Le policier Guy Rousseau rencontre à quelques reprises chaque année des aînés pour les sensibiliser aux diverses formes d'abus dont ils peuvent être victimes.

Aînés victimes d'abus: briser le silence

Les aînés sont parfois des personnes vulnérables et susceptibles d'être victimes d'abus, comme cette dame de Sherbrooke qui se serait fait soutirer plus de 70 000 $ par son petit-fils. À Granby, les policiers enquêtent chaque année sur ce type d'histoires, qui représentent probablement la pointe de l'iceberg.
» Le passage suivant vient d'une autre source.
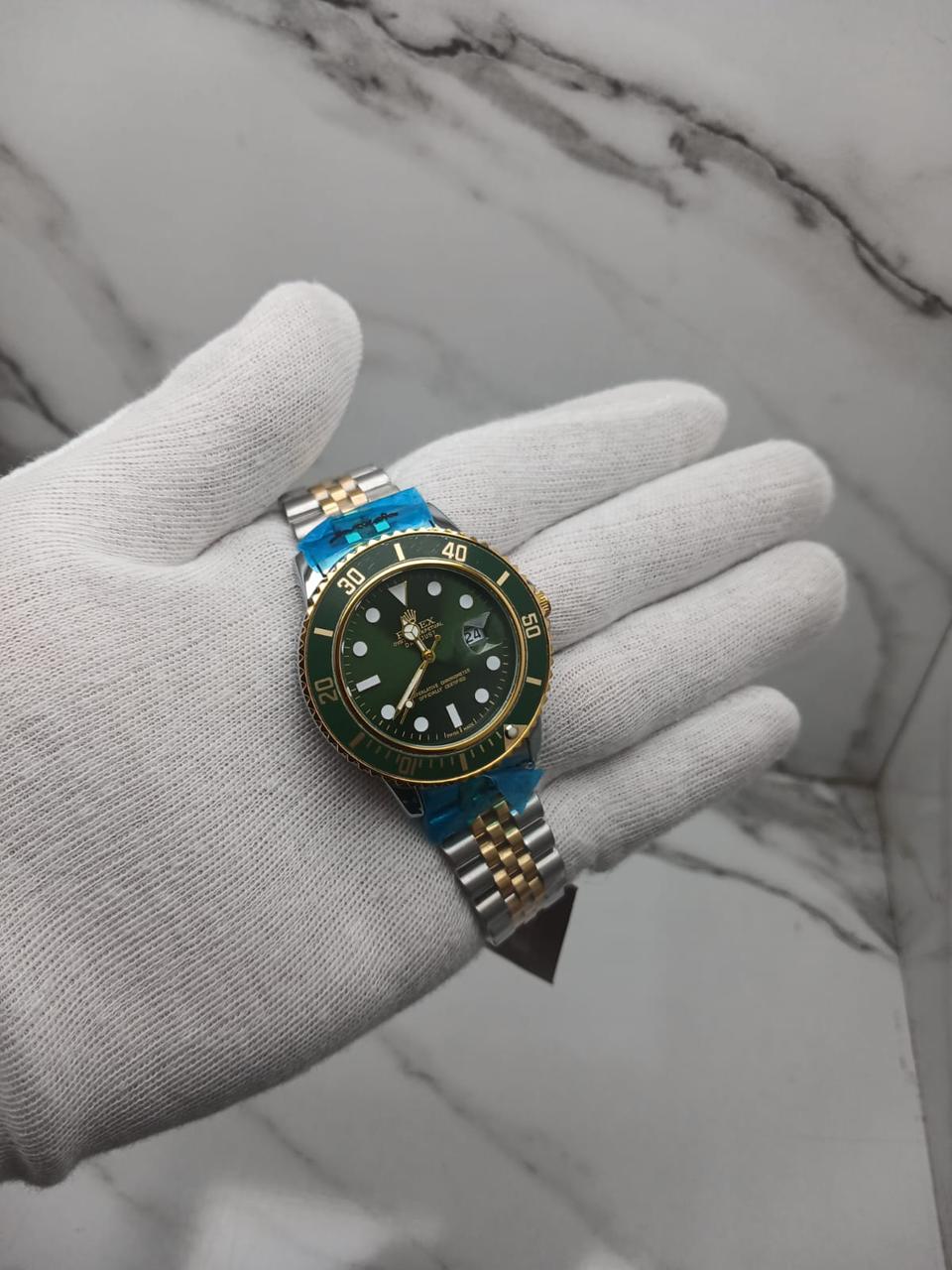 Two-Tone Diver-Style Quartz Watch with Date Display and Rotating Bezel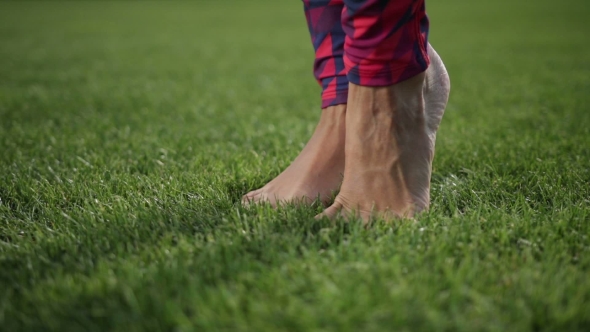 Beautiful Legs Doing Tiptoes Feet Warm-up Exercise alt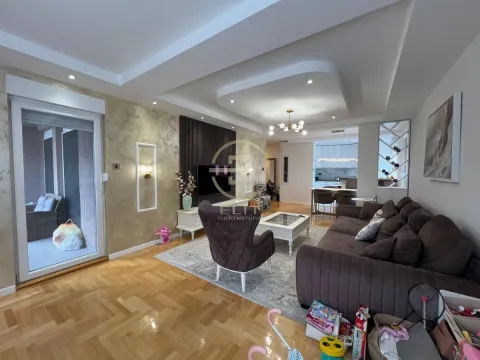 Prodaja, trosoban stan, 99m², Centar, Novi Sad - image 4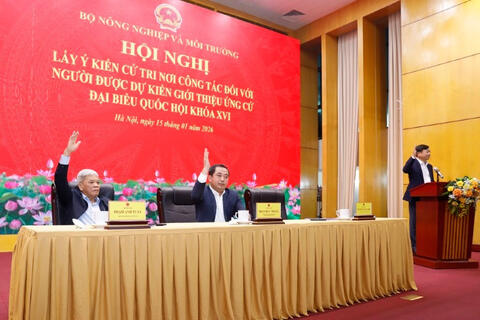 <a href="/thoi-su" title="Thời sự" rel="dofollow">Thời sự</a>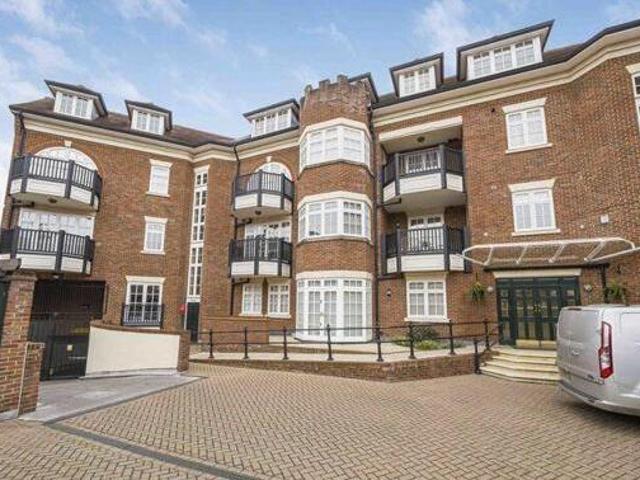 House for sale in Slough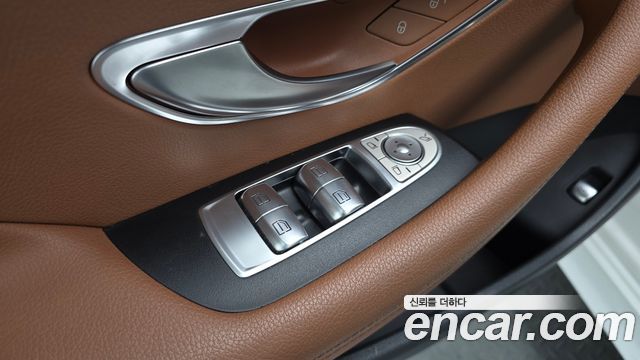 Mercedes-Benz E-Class E220d Coupe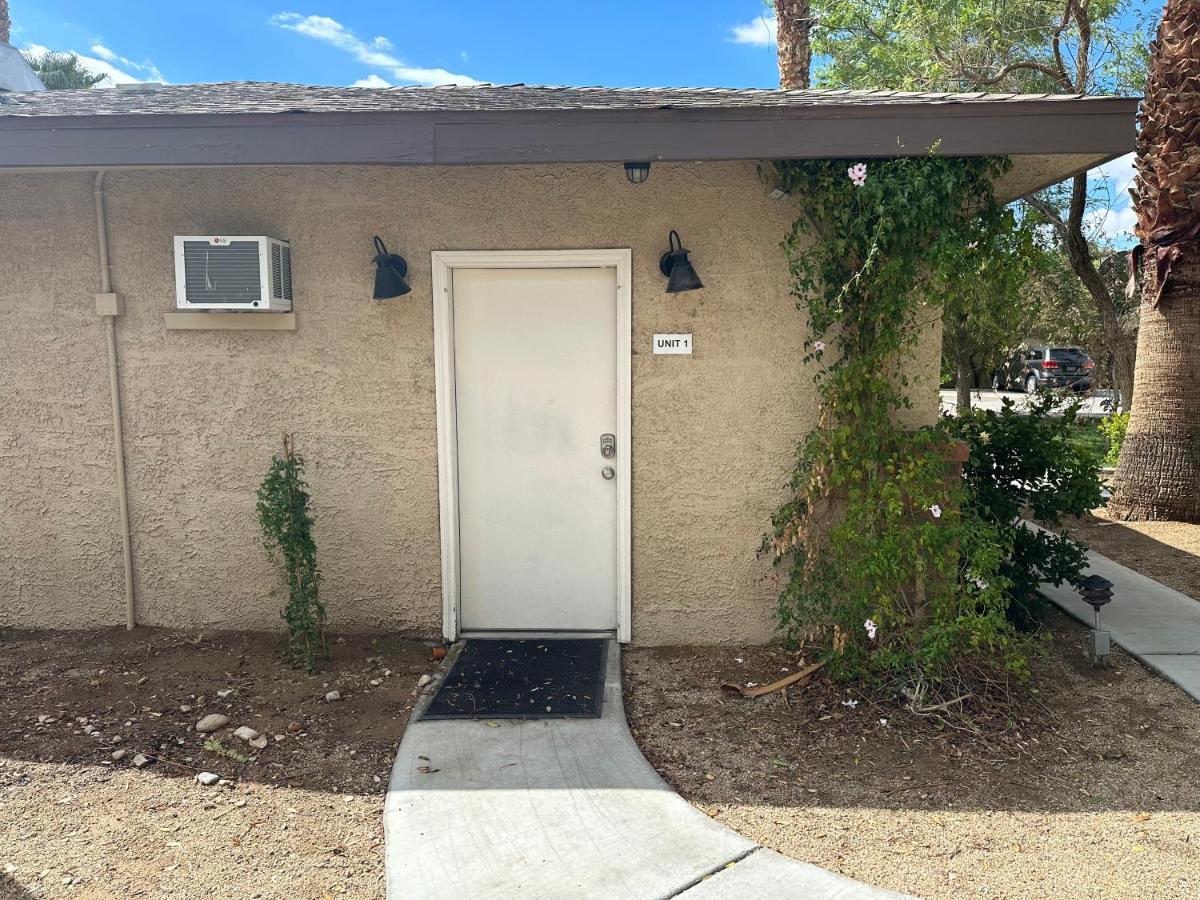 1 Small Secure Studio Apartment *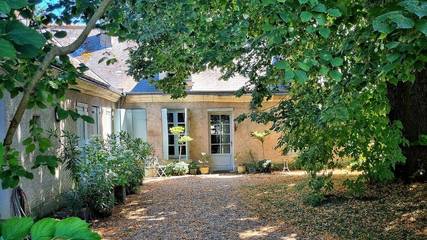 Cottage pour 2 personnes, avec jardin ainsi que vue et terrasse à Prunay-Cassereau
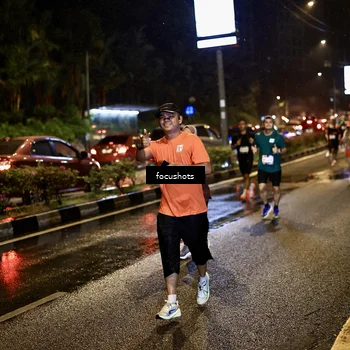 Runner Photo 7668254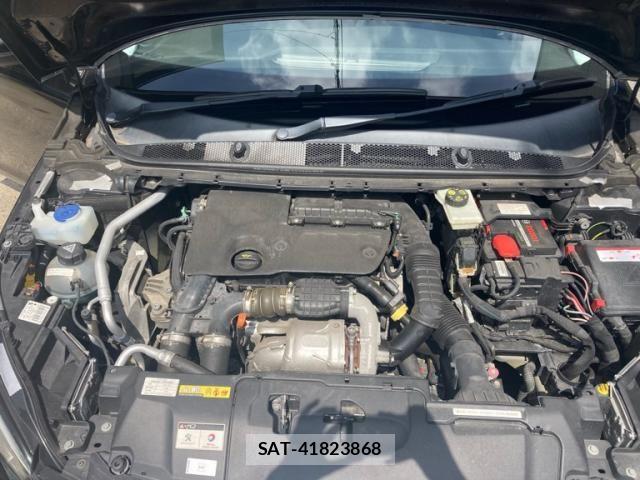 Peugeot 308 2017-10 8745176-13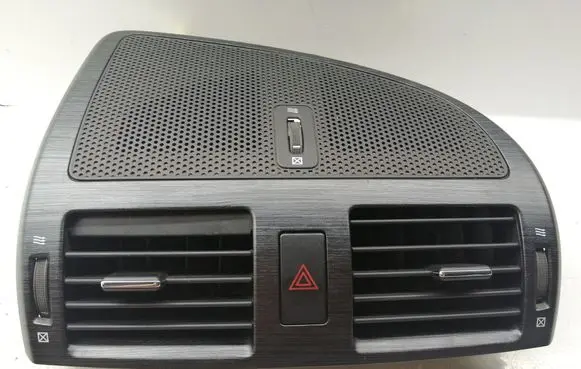Toyota Avensis T270 Dash center air vent grill 5567005090 5567005110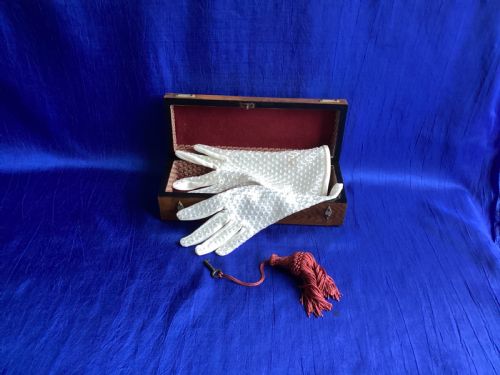 VICTORIAN DOMED ROSEWOOD GLOVE BOX - ADDITIONAL PHOTO 6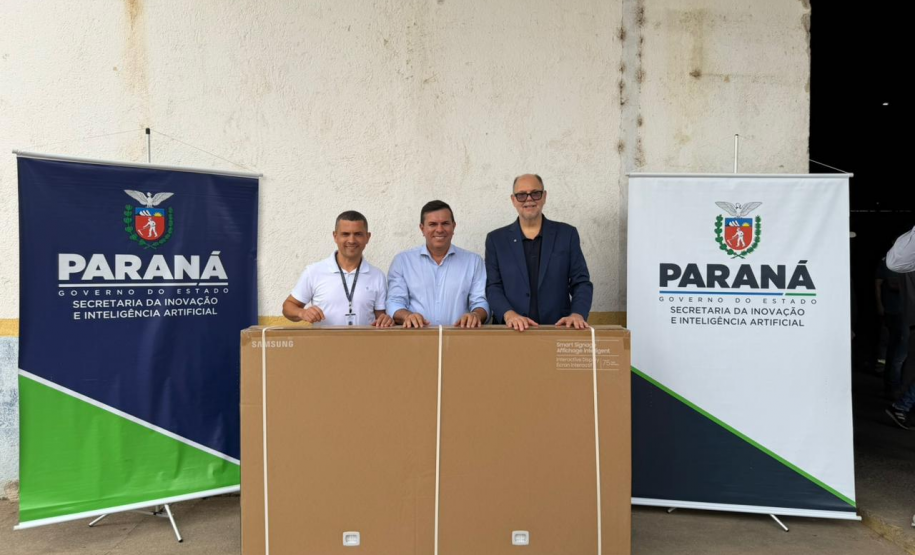 SEIA entrega 80 telas interativas para 13 municípios com o Plano Paraná Mais Cidades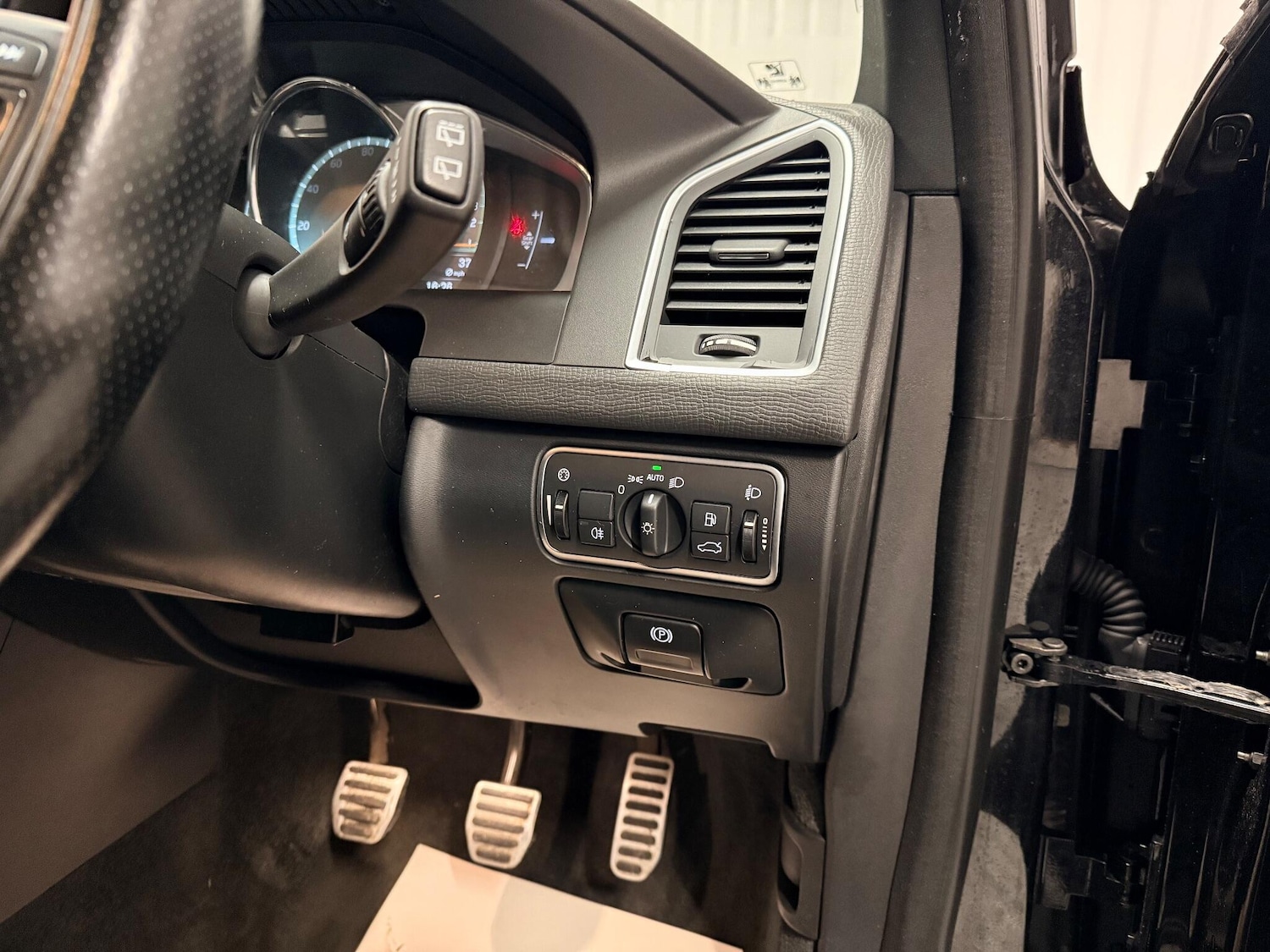 Used Volvo XC60 2017 for sale - 76584428: Photo 27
En collaboration avec la FADOQ, le policier Guy Rousseau rencontre à quelques reprises chaque année des personnes âgées dans le cadre du programme Aîné-Avisé, qui vise à les sensibiliser à la fraude et la maltraitance. Des capsules vidéos abordant divers sujets leur sont présentées en présence d'un policier, suivies de discussions.
«Ils ont souvent tendance à penser que les gens qui vont venir les frauder, les voler, c'est quelqu'un qu'ils ne connaissent pas du tout. Sans rentrer dans la paranoïa, on leur dit d'être ouverts à ce qui se passe autour d'eux, explique l'agent du service de police de Granby. On leur dit d'être à l'affût et de ne pas avoir peur de dénoncer ces situations-là avant que ça se rende à des montants élevés, comme la dame de Sherbrooke.»
Les policiers les préviennent que si des proches sont aux prises avec un problème de consommation d'alcool ou drogue, ou souffrent de problèmes psychiatriques ou de comportement, ils peuvent parfois avoir besoin d'argent, explique M. Rousseau.
Après ces rencontres, il n'est pas rare que certaines personnes se reconnaissent dans les scénarios ou qu'elles soupçonnent qu'un membre de leur entourage soit victime d'abus.
«La base de tout ça est de briser le silence. C'est le même principe que l'intimidation. C'est de dire non à une situation qui est inacceptable et de trouver le courage de dénoncer la situation et on va pouvoir aider ces gens-là», dit Guy Rousseau.
La pointe de l'iceberg
Les policiers de Granby enquêtent d'ailleurs chaque année sur des dossiers de fraude ou d'abus de gens âgés qui se sont fait soutirer de l'argent par un proche, sans qu'il s'agisse de sommes aussi élevées que dans l'histoire de Sherbrooke. «Je ne suis pas prêt à dire que ça arrive souvent, mais ce sont des dossiers qu'on traite et souvent, c'est la pointe de l'iceberg», dit M. Rousseau.
Le phénomène est toutefois complexe puisqu'il implique des membres de la famille, dit l'agent Rousseau. «Lorsqu'il s'agit de son petit-fils, il y a de la gêne, de la honte.»
Les policiers rappellent que les personnes victimes d'abus peuvent les contacter ou obtenir de l'information à la FADOQ, à l'AQDR ou auprès d'intervenants du domaine de la santé. Ils peuvent aussi discuter avec un intervenant de la ligne d'aide abus aux aînés au 1-888-489-2287.